Не имея возможности собрать в одной компании, как он того хотел бы, всех грандов французской литературы, включая Виктора Гюго, Теофиля Готье, Жюля Барбе д’Оревили, Теодора Банвиля, Фантен-Латур решил ограничиться несколькими из «Скверных парней». То были Леон Валад, Эмиль Блемон, Жан Экар, Эрнест д’Эрвили, Пьер Эльзеар (псевдоним Эльзеара Бонье, бывшего вольнонаёмного зуава), Камиль Пеллетан, Альбер Мера и пара Верлен — Рембо. Словом, целая плеяда писателей, почти неизвестных широкой публике. Фантен-Латур хотел присоединить к ним и Альбера Глатиньи, но тот в январе уехал из Парижа с труппой бродячих актёров в турне по югу Франции.
Эта картина с весьма прозаическим названием «Угол стола» была выставлена в Салоне 1872 года. Вместо портрета Мера, который первоначально предполагался на правом краю композиции, там появился большой букет цветов. Рембо со своей всклокоченной тёмно-русой шевелюрой, юным лицом и светящимися глазами похож на херувима. Слева от него Верлен с его оголённым лбом и тёмными глазами как бы погружён в свои мысли. Стоящий за ними Пьер Эльзеар в цилиндре словно не замечает их присутствия. А Камиль Пеллетан, крайний справа, так и вовсе сидит, повернувшись ко всем спиной.
В середине марта Рембо с большим удивлением получил присланное на его адрес по улице Кампань-Премьер письмо от матери. Та умоляла его покончить со своими выходками и немедленно вернуться в Шарлевиль. Он рассказал об этом письме Верлену и спросил его, кто бы мог сообщить его матери адрес и подробности того, чем он якобы занимается в Париже.
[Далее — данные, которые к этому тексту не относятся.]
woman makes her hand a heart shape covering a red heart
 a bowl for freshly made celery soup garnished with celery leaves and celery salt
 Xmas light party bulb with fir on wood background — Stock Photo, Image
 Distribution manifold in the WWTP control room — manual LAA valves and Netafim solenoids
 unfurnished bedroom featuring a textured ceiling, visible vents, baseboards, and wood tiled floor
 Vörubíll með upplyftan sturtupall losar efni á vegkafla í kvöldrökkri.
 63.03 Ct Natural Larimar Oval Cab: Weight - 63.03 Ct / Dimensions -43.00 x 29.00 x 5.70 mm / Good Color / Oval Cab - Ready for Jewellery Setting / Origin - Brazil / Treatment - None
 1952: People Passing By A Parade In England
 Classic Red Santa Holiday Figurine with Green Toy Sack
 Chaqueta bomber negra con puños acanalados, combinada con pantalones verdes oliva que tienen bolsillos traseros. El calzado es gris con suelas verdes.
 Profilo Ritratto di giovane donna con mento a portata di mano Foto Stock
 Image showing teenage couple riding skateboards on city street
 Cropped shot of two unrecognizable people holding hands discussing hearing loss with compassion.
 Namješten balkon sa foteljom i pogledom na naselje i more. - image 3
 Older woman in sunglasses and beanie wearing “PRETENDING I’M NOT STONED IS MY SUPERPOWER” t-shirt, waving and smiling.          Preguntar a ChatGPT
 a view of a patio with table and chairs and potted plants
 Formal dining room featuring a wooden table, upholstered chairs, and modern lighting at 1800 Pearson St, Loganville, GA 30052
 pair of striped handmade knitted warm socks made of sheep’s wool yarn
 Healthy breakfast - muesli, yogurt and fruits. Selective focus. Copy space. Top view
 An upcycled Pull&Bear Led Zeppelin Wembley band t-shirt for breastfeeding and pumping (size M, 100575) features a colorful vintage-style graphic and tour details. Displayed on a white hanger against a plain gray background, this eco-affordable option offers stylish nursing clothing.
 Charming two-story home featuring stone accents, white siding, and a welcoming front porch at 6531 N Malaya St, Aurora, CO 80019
Наведя кое-какие справки, Верлен рассказал ему, как было дело. По настоянию Матильды госпожа Моте де Флёрвиль послала госпоже Рембо сообщение, в котором обвинила её сына во всех смертных грехах. Больше того, эта жуткая мегера даже не снизошла до того, чтобы поставить под доносом свою подпись. Что за гнусная личность — ни дать ни взять какой-нибудь полицейский шпик, сошедший со страниц «Воспоминаний» Видока![26] Просто ведьма. Как можно дойти до такого?
После долгого обсуждения друзья договорились, как будут действовать дальше. Рембо поедет к матери, а в это время Верлен успокоит Матильду и её окружение, и потом, в подходящий момент, вернёт Артюра и они вновь смогут видеться.
Словом, заключили обманную сделку.
ПЛАН ПОБЕГА
В Шарлевиле ничто не изменилось.
Или, вернее сказать, никто не изменился. Ни госпожа Рембо, всё такая же строгая, ни Эрнест Делаэ, всё такой же любезный и вялый, ни Шарль Бретань, такой же пузатый и независимый в суждениях и такой же завсегдатай кафе «Дютерм», что под аркадой Герцогской площади. Нисколько не изменились и все прочие жители Шарлевиля, всё так же занятые лишь собою.